### EXCERPTED DATA
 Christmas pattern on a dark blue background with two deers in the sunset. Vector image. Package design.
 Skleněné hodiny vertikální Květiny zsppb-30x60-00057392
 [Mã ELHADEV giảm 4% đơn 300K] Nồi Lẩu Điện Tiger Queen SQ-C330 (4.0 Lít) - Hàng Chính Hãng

---

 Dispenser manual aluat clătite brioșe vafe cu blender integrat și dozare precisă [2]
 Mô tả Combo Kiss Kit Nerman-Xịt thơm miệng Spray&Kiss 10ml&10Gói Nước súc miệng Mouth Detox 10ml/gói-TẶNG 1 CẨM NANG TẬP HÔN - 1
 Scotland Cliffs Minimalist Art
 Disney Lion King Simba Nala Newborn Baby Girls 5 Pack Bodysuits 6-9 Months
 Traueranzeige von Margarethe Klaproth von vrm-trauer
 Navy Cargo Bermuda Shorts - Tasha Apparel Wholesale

### WHAT YOU NEED TO DO
Reproduce exactly the stretch of the material above that starts at the line with "Skleněné hodiny vertikální" and ends at the line with "[Mã ELHADEV giảm", both included, and nothing else.

### SOLUTION TO THIS TASK
 Skleněné hodiny vertikální Květiny zsppb-30x60-00057392
 [Mã ELHADEV giảm 4% đơn 300K] Nồi Lẩu Điện Tiger Queen SQ-C330 (4.0 Lít) - Hàng Chính Hãng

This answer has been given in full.